BEGIN TASK DATA

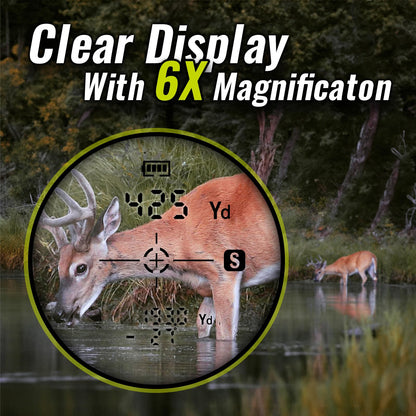 TIDEWE Hunting Rangefinder with Rechargeable Battery, 700Y Camo Laser Range Finder 6X Magnification, Distance/Angle/Speed/Scan Multi Functional Waterproof Rangefinder with Case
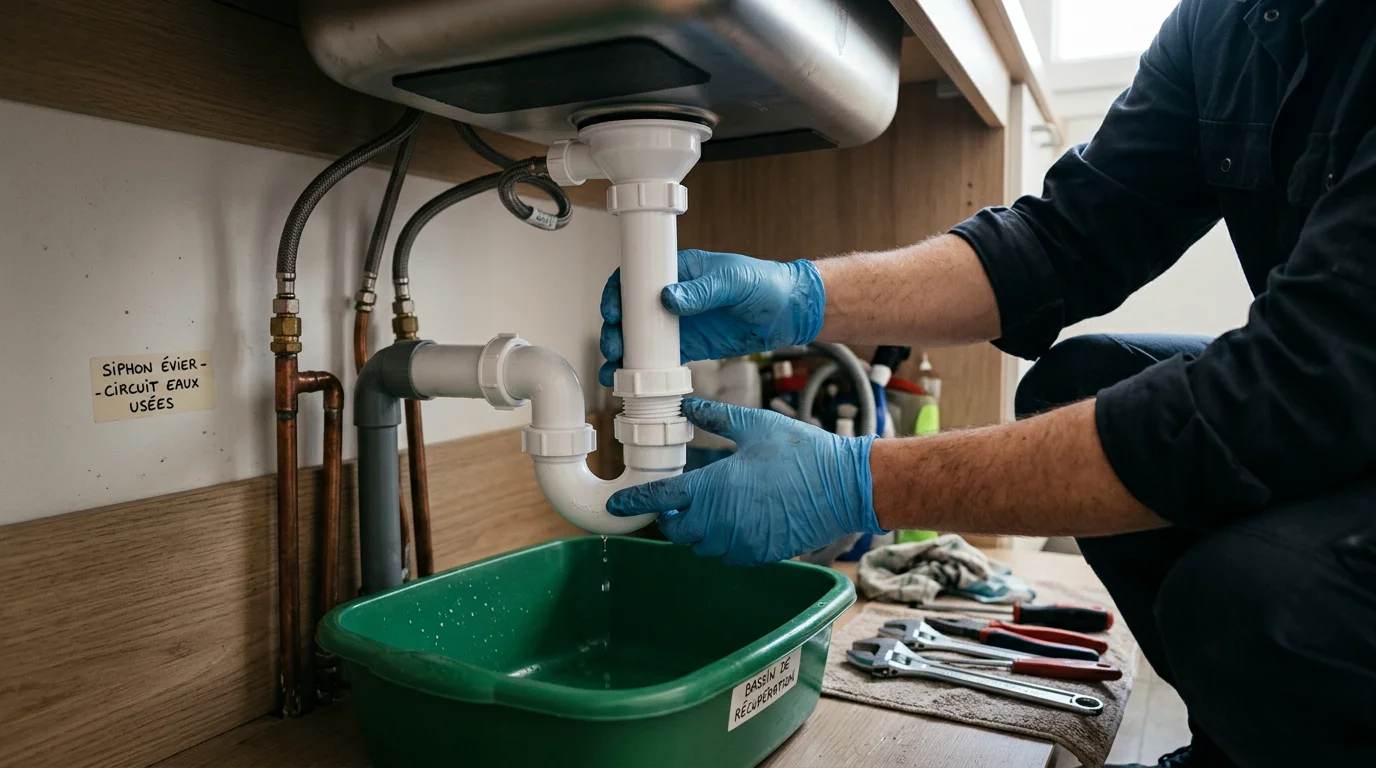 Démontage manuel du siphon d'un évier de cuisine au-dessus d'une bassine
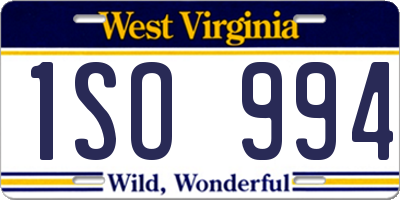 WV license plate 1SO994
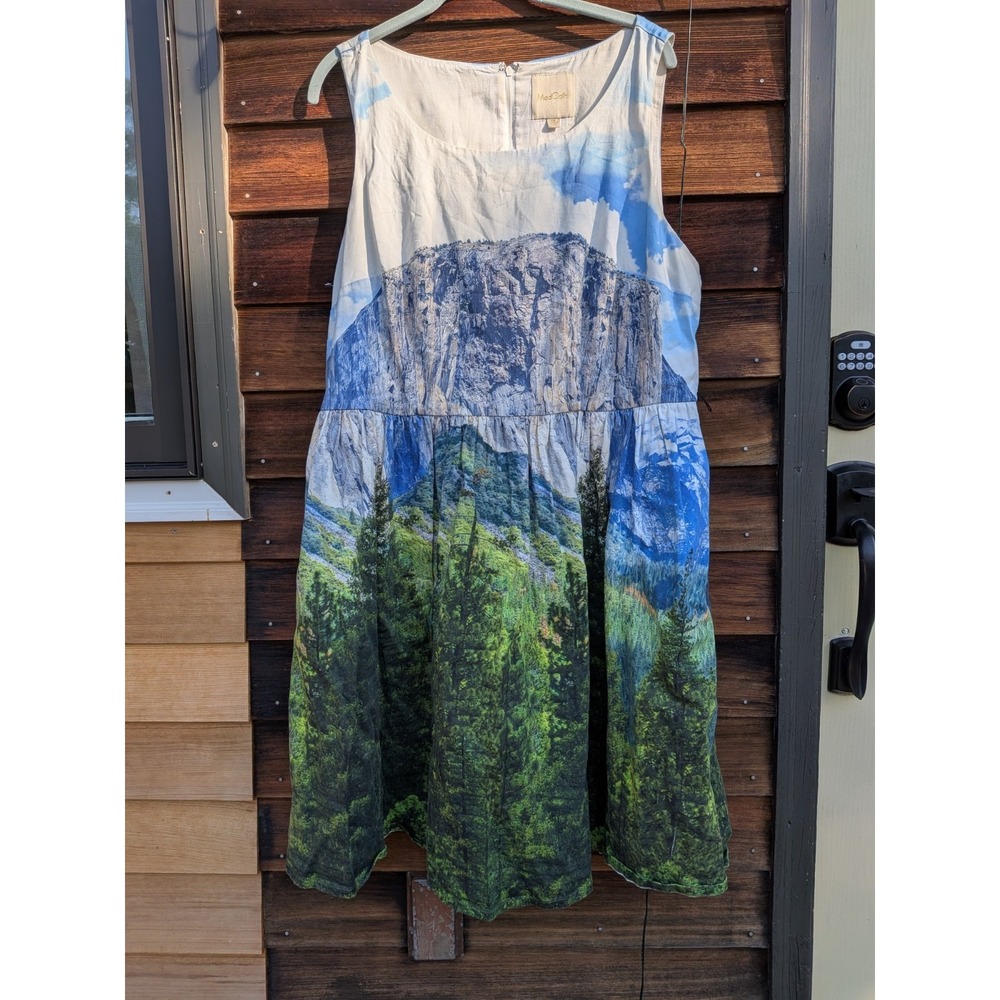 Modcloth Retro Scenic Mountain Indie Swing Fit & Flare Dress Plus Size 1X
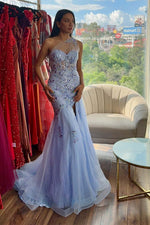 Load image into Gallery viewer, Light Blue One Shoulder Prom Dress with Appliques
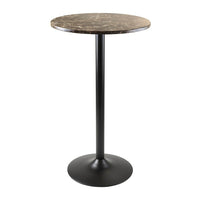 Winsome Cora Bar Height Round Pub Table, Faux Marble Top, Black Base-Metal Post and Base. Base footprint 17.72" diameter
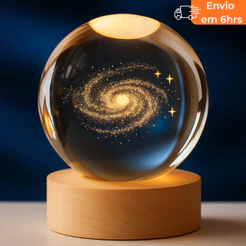 Luminária de Mesa para quarto Luminaria Decorativa Aconchegante Bola de Cristal Decoração Globo Terrestre Luxo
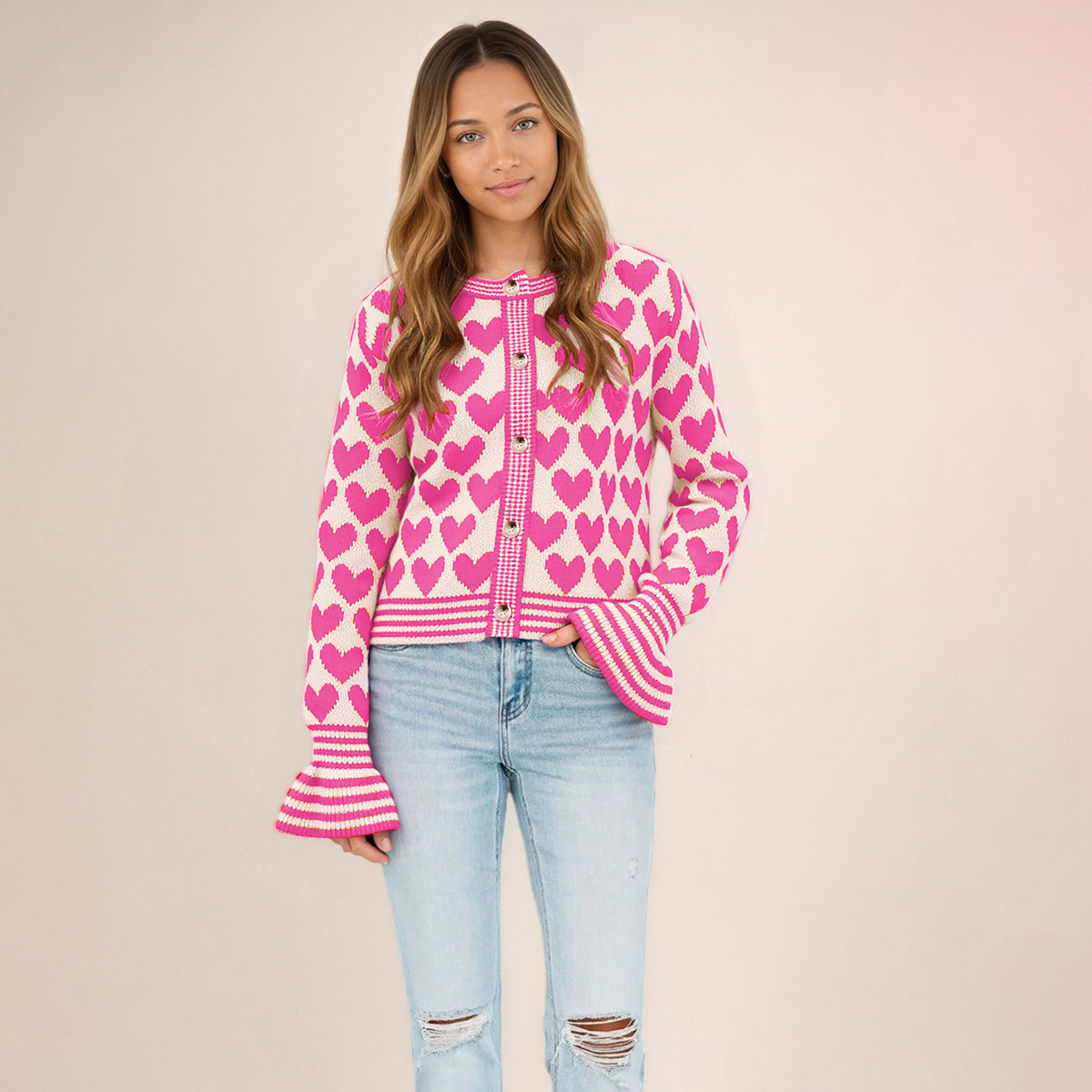 Heart Knit Cardigan Button-Up Flared Sleeve Sweater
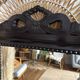 Large antique wooden mirror with sculpted pediment in boho style 118x57cm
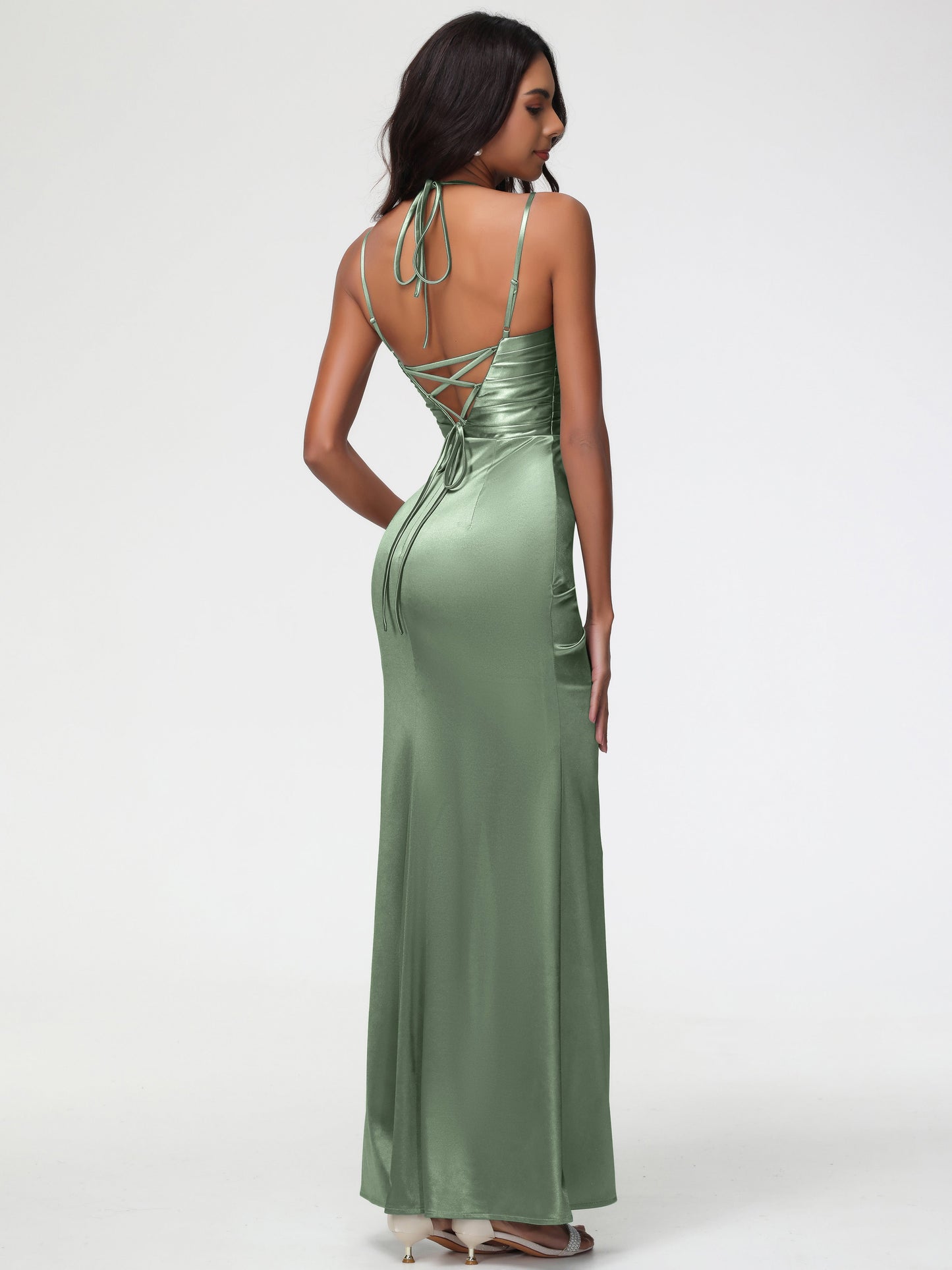 Dusty Sage Satin Bridesmaid Dresses Mermaid Stretch Satin Ruched Spaghetti Straps Lace-Up Back Bridesmaid Dress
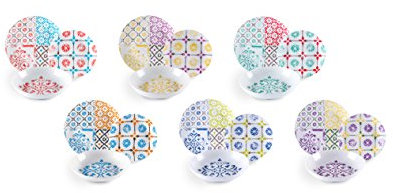 Excelsa Maioliche Servizio piatti 18 Pezzi, Porcellana, Multicolore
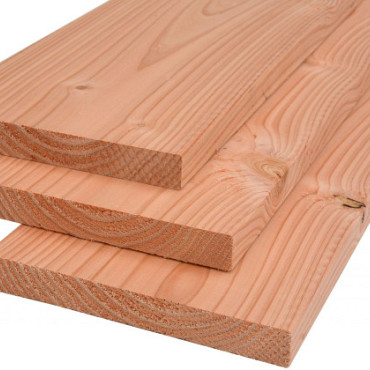 Douglas plank 1 zijde geschaafd, 1 zijde fijnbezaagd 2,8 x 19,5 x 300 cm, onbehandeld.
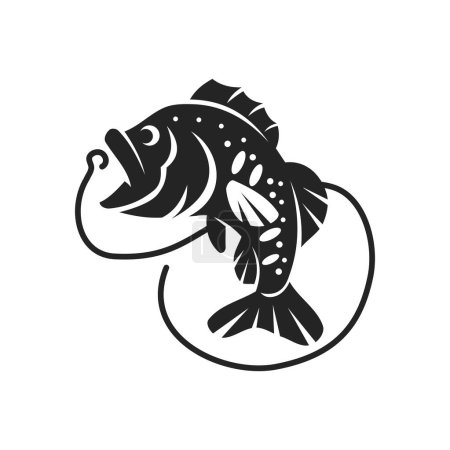 Illustration for Largemouth bass fish logo template Isolated. Brand Identity. Icon Abstract Vector graphic - Royalty Free Image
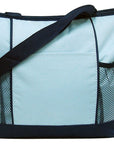 Light blue tote bag with black mesh sides and handle on a white background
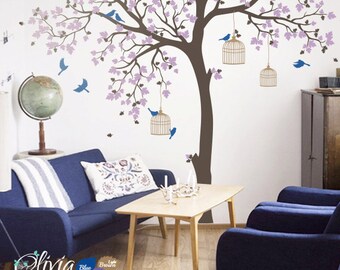 Large Tree Vinyl Wall Decal with Birds Mural Stickers - NT012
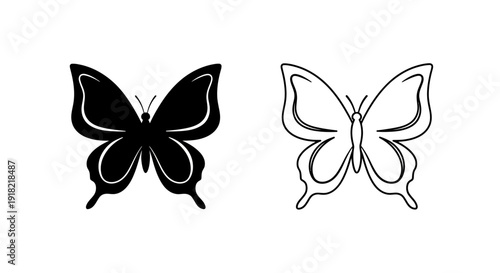Black and white butterfly illustration, elegant and minimalist design. Vector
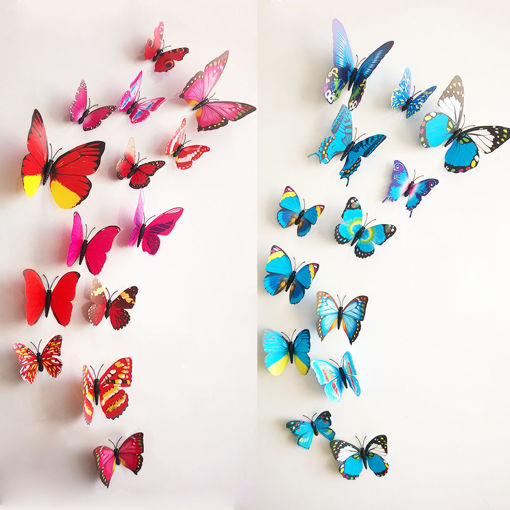 Picture of 12Pcs 3D Butterfly Wall Sticker Fridge Magnet Home Decor Art Applique Decor Sticker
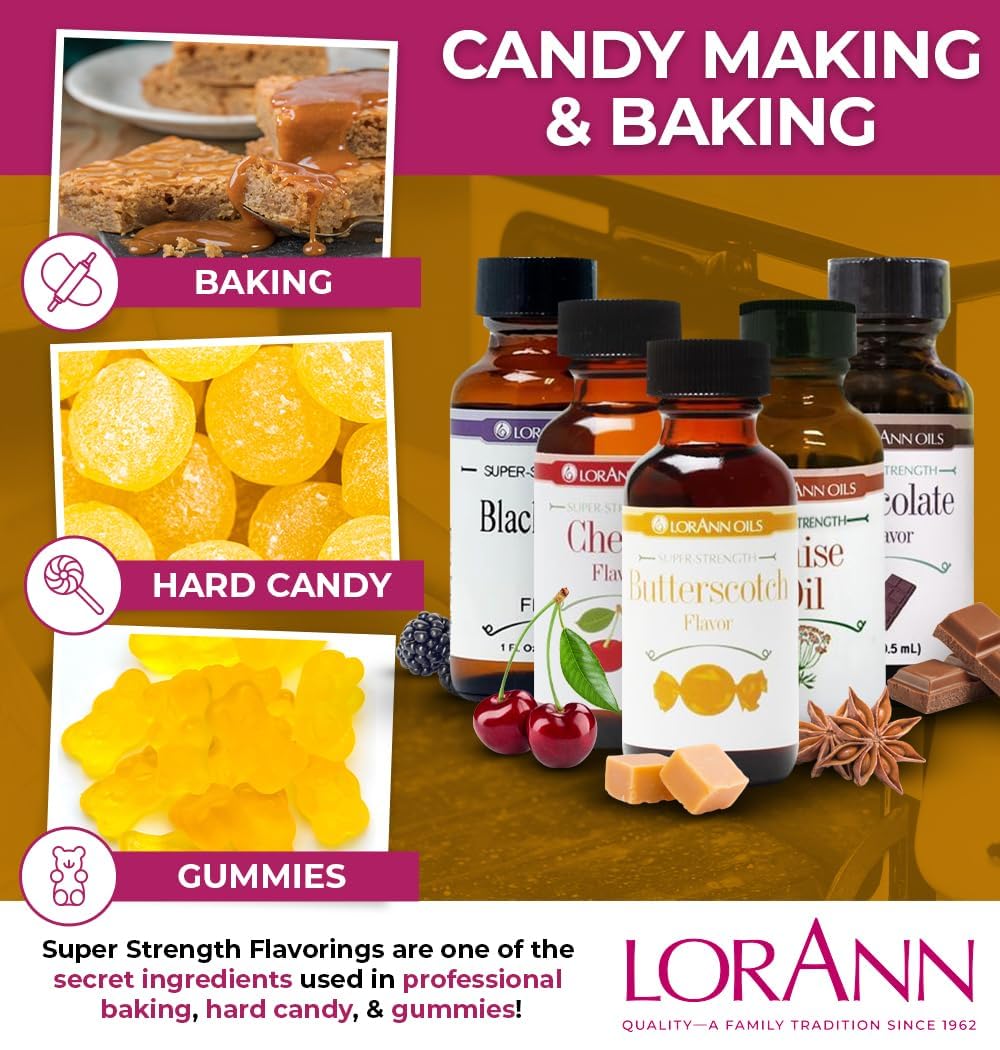 LorAnn Oils Super Strength Flavoring - Used For Candy Making, Flavoring, Baking, Hard Candy, & Flavor Oils - Bold, Natural Flavors 4X Stronger Than
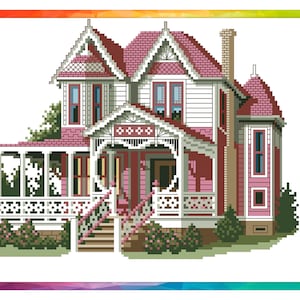 Vintage Cross Stitch Pattern Pdf - House - The Hanger House / Counted Vintage Pattern Embroidery / Digital Instant Download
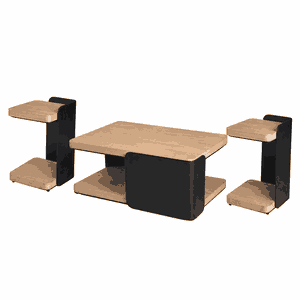 طقم طاولات خشب MDF و معدن، 3 قطع - بنى اسود product image 2
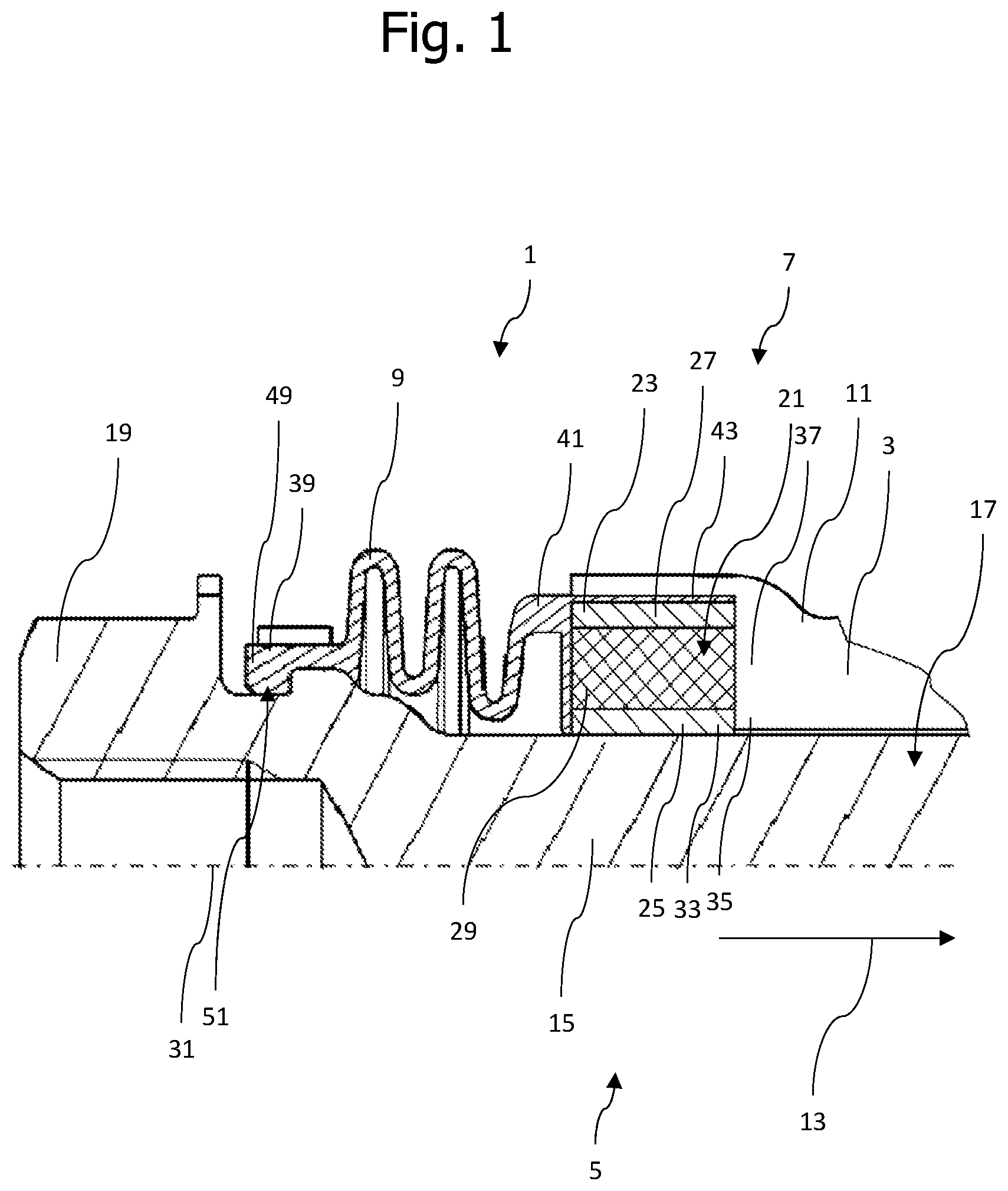 Patent US12590614 Figure 1 – Floating caliper brake having two metal sections and one elastomer section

END TASK DATA

[WHAT YOU WILL DO]:
Look back over the records above. Reproduce exactly everything from the line with "Heart Knit Cardigan" down to the line with "Vintage Cross Stitch", inclusive, and leave the pictures out.

[ANSWER SPACE]:
 Heart Knit Cardigan Button-Up Flared Sleeve Sweater
 Large antique wooden mirror with sculpted pediment in boho style 118x57cm
 Dusty Sage Satin Bridesmaid Dresses Mermaid Stretch Satin Ruched Spaghetti Straps Lace-Up Back Bridesmaid Dress
 Excelsa Maioliche Servizio piatti 18 Pezzi, Porcellana, Multicolore
 Douglas plank 1 zijde geschaafd, 1 zijde fijnbezaagd 2,8 x 19,5 x 300 cm, onbehandeld.
 Illustration for Largemouth bass fish logo template Isolated. Brand Identity. Icon Abstract Vector graphic - Royalty Free Image
 Light blue tote bag with black mesh sides and handle on a white background
 Large Tree Vinyl Wall Decal with Birds Mural Stickers - NT012
Black and white butterfly illustration, elegant and minimalist design. Vector
 Picture of 12Pcs 3D Butterfly Wall Sticker Fridge Magnet Home Decor Art Applique Decor Sticker
 LorAnn Oils Super Strength Flavoring - Used For Candy Making, Flavoring, Baking, Hard Candy, & Flavor Oils - Bold, Natural Flavors 4X Stronger Than
 Vintage Cross Stitch Pattern Pdf - House - The Hanger House / Counted Vintage Pattern Embroidery / Digital Instant Download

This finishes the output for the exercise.